How does this country’s technologically advanced, super-efficient digitized process relate to the working world?

Consider the impact of this streamlining, centralizing technology—”everything is digital and location-independent,” allowing Estonia to in effect run a “borderless country,” which encourages businesses to “put down virtual roots” in the country. Why welcome startups and other companies to capitalize on Estonia’s low tax rates for businesses and lenient regulations on tech research when these organizations exist physically outside of Estonia’s borders? The country’s deputy secretary for economic development asserts that innovation is imminent, and so it only makes sense to welcome and capitalize on it, saying, “If we close ourselves off, the innovation happens somewhere else,” according to The New Yorker article.

America seems mired in the debate over the pros and cons of remote working, flexible hours or any other deviation from the 9-to-5, office-based, 40-plus-hour work week. But the impact of technological advancement on our national and global economy is inarguable. It continues to drive us toward working dynamics that defy proximity, time zones, nationality and background. When we focus on the immediacy and impact of innovation, as the Estonian deputy secretary described it, why not face the music and delve in? We’re already well underway, with many American companies already using collaborative technologies like VPN, cloud drives and many other tools that connect us irrespective of our logistical circumstances and which enable virtual workforces to function. What’s holding us back?

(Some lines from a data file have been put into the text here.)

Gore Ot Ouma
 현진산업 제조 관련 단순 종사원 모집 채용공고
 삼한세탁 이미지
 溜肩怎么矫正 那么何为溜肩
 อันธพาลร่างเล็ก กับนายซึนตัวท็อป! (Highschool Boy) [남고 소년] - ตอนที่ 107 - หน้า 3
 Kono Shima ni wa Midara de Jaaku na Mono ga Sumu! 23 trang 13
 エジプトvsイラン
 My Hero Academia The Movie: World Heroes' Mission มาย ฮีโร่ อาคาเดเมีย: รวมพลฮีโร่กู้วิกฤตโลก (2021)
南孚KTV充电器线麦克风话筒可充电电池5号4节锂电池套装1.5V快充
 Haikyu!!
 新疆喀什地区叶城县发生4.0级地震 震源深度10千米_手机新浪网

I’d argue that an unmerited skepticism of virtual work environments is a major impediment to the American working world embracing innovative staffing and employing solutions in the digital age.
I’d argue that an unmerited skepticism of virtual work environments is a major impediment to the American working world embracing innovative staffing and employing solutions in the digital age. This skepticism has historically centered on a doubt that employees are as diligent or communicative when outside of the office, but the reality is that, as Plex CEO Keith Valory says in an article (“Is Going Virtual Our New Reality?” published by Adobe in The New York Times): “[I]n a virtual environment, you can’t hide because all of the communication is out in the open.”

Not only that, but collaborative technology often expedites efficiency, eliminating project bottlenecks and avoiding slumps in productivity that can arise between weekly one-on-one meetings or project update calls. It also makes vital information readily accessible 24/7, with tools like dashboards or cloud drives that show which projects employees are working on, tracks their progress and enables multiple employees to contribute as efficiently as possible on a given collaborative project.

As The New Yorker’s recent piece on Estonia, which it characterizes as “The Digital Republic,” so eloquently concludes, while “the history of nationhood is a history of boundaries marked on land, the old fatuities of the nation-state are showing signs of crisis.” As a result, more than ever “it is possible to imagine a future in which nationality is determined not so much by where you live as by what you log on to.”

I would venture to say that the history of the workplace is analogous—boundaries have been curtailed by proximity, and the existing paradigm exhibits signs of crisis. In response to this, I believe it is crucial to working America’s vitality in the digital age to strive for a future in which working is freed from geographic and temporal constraints and liberated to employ, retain and capitalize on the talent that is available to it through the virtual workforce.